The Old Man at the Bridge | Summary and Analysis

 

The theme of stagnation and lack of agency makes its presence strongly felt in the first paragraph of the story through its imagery of the dusty landscape. This is also highlighted through the use of words like ‘stagger‘, ‘plodded‘ etc which convey a sense of difficulty in movement. Not only does it reflect the manner in which people are stuck physically in a particular place but also represents countless lives stuck in the hell-hole of war violence.

Making use of the first person narrative, Hemingway, in one masterstroke, underlines the theme of loss of agency by linking the literal and the figurative :

“It was my business to cross the bridge; explore the bridgehead beyond and find out to what point the enemy had advanced. I did this and returned over the bridge. There were not so many carts now and very few people on foot, but the old man was still there.”

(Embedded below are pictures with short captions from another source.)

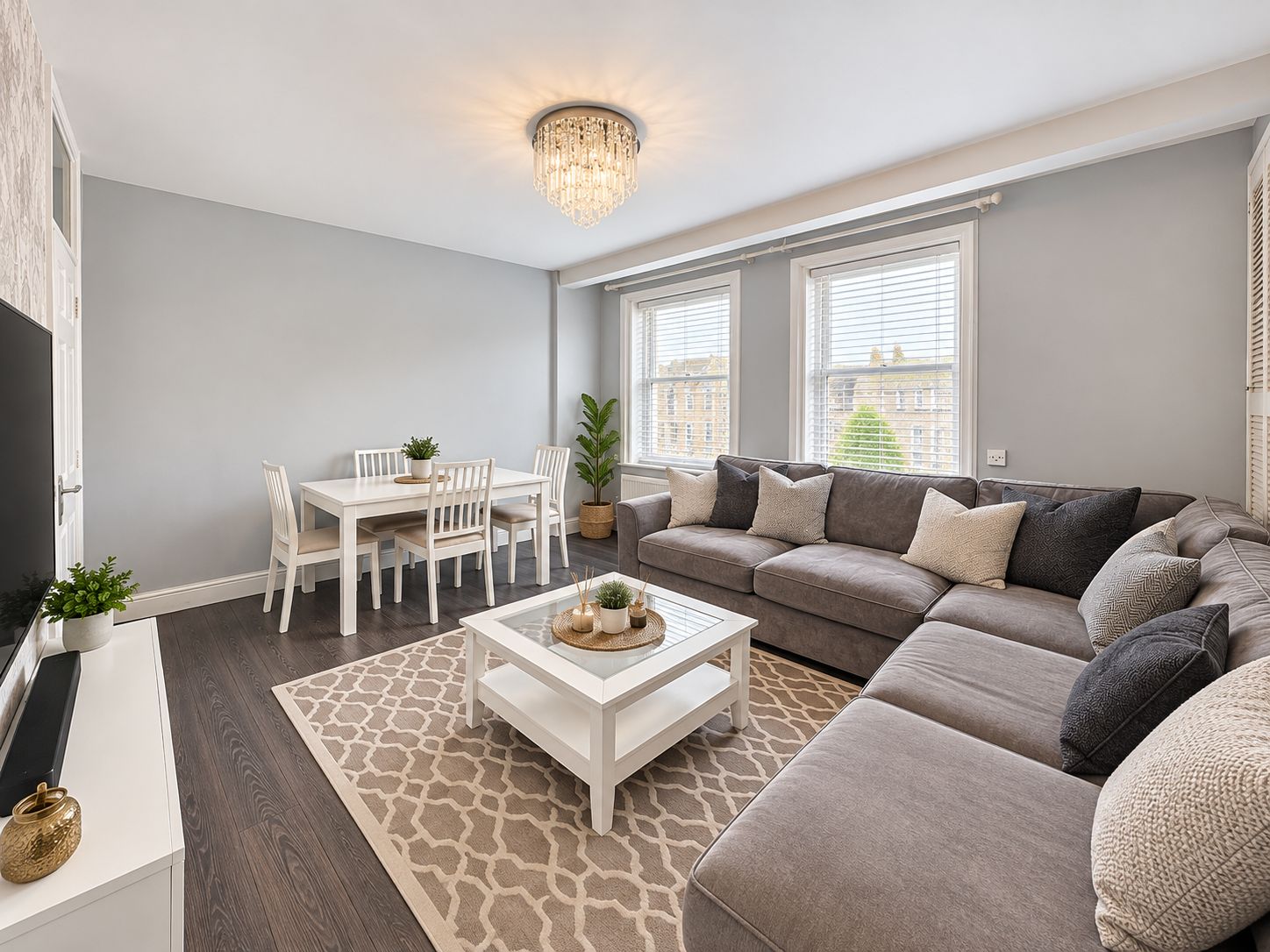 Flat Saltwell Street in Greater London
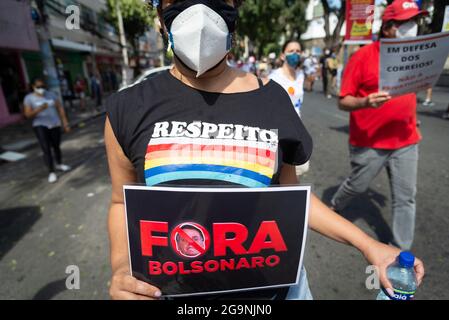 Salvador, Bahia, Brasilien - 29. Mai 2021: Protestierende protestieren durch die Straßen der Innenstadt von Salvador gegen die Regierung von Präsident Jair Bolsonaro Stockfoto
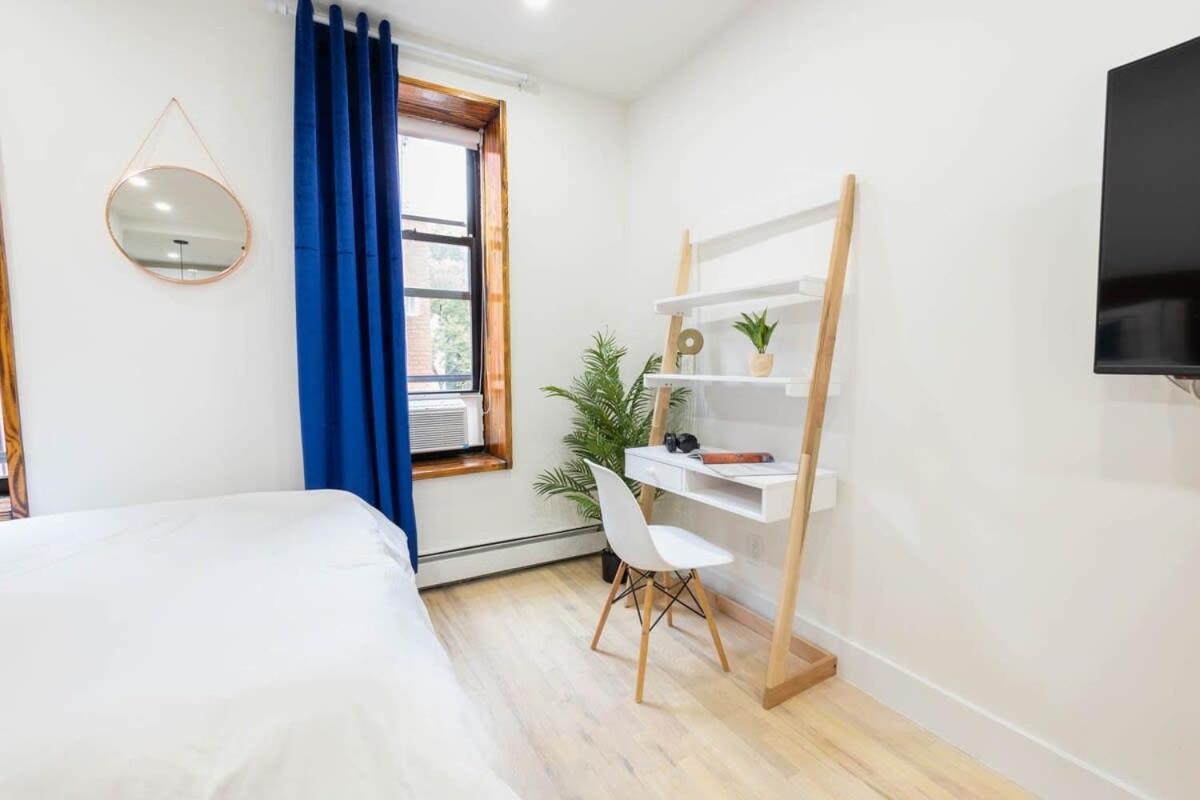 1597-1 Large W D In The Unit Prime Ues Appartement *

The people spoken of in the first paragraph of the story have already crossed the bridge. This soldier (who is narrator of the story) has already returned after having crossed the bridge. But an man is still there where he had erstwhile been. The old man tells the soldier how they were made to  vacate his hometown  due to the war and how he had to leave his animals behind which included a cat, pigeons and two goats.

On a closer look, one finds that out of the animals the old man talks about, the cats and dogs are free to escape but the goats are stuck, unable to move, very much like the old man himself. This confluence of the literal and the figurative meanings of the story is manifested in the inaction of the old man throughout the story. Much about this, later.

“Where do you come from?” I asked him
“From San Carlos” he said and smiled. That was his native town so it give him pleasure to mention it and he smiled.

This story isn’t as simple as it appears to be, quite like the abovementioned ‘smile’ of the old man. At first sight, it may seem that the soldier is in charge of the situation. In fact, he projects himself to be in charge and even wield some authority over the old man- to the extent of interpreting all his actions (including his smile). However, for all we know, he is just as lost and clueless and is stuck in the position where he has to face the advancing Fascists (it is sheer irony that the advance of the Fascists takes place on Easter Sunday, supposed to be a day of peace). Furthermore, very often in the story, we find a sense of miscommunication between the two men. The soldier often uses the phrase “not quite understanding” and often, the words spoken by either characters are seldom directed at each other. Therefore, when the narrator says that it is the pleasure that makes the old man smile while mentioning San Carlos, we need not necessarily accept it at face value. The reason behind the man’s smile may either be what the soldier presumes it to be or alternatively, it could be a confused expression resulting from the trauma of displacement. For all we know, not all smiles translate to happiness.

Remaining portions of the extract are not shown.